=== INFORMATION SUPPLIED ===
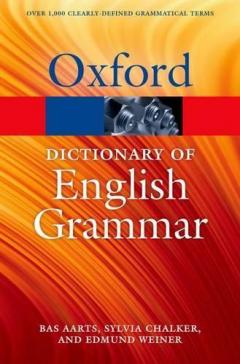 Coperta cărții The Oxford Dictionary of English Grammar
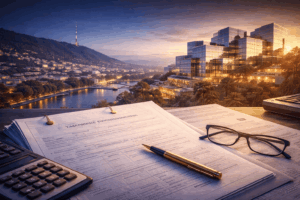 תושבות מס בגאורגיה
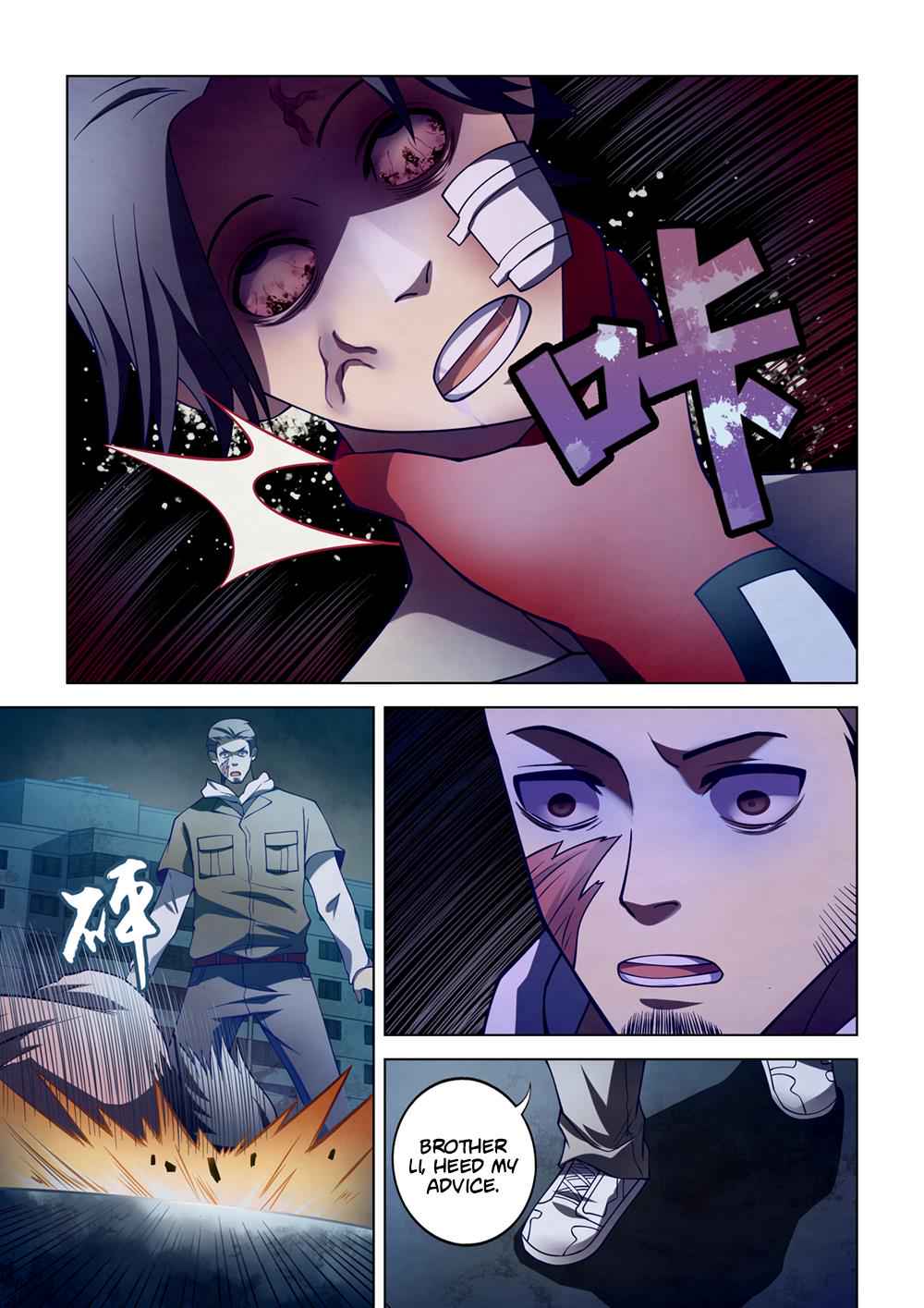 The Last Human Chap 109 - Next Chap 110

=== REQUIRED WORK ===
Output the material word for word, omitting its pictures.

=== THE COMPLETED TASK ===
 Coperta cărții The Oxford Dictionary of English Grammar
 תושבות מס בגאורגיה
 The Last Human Chap 109 - Next Chap 110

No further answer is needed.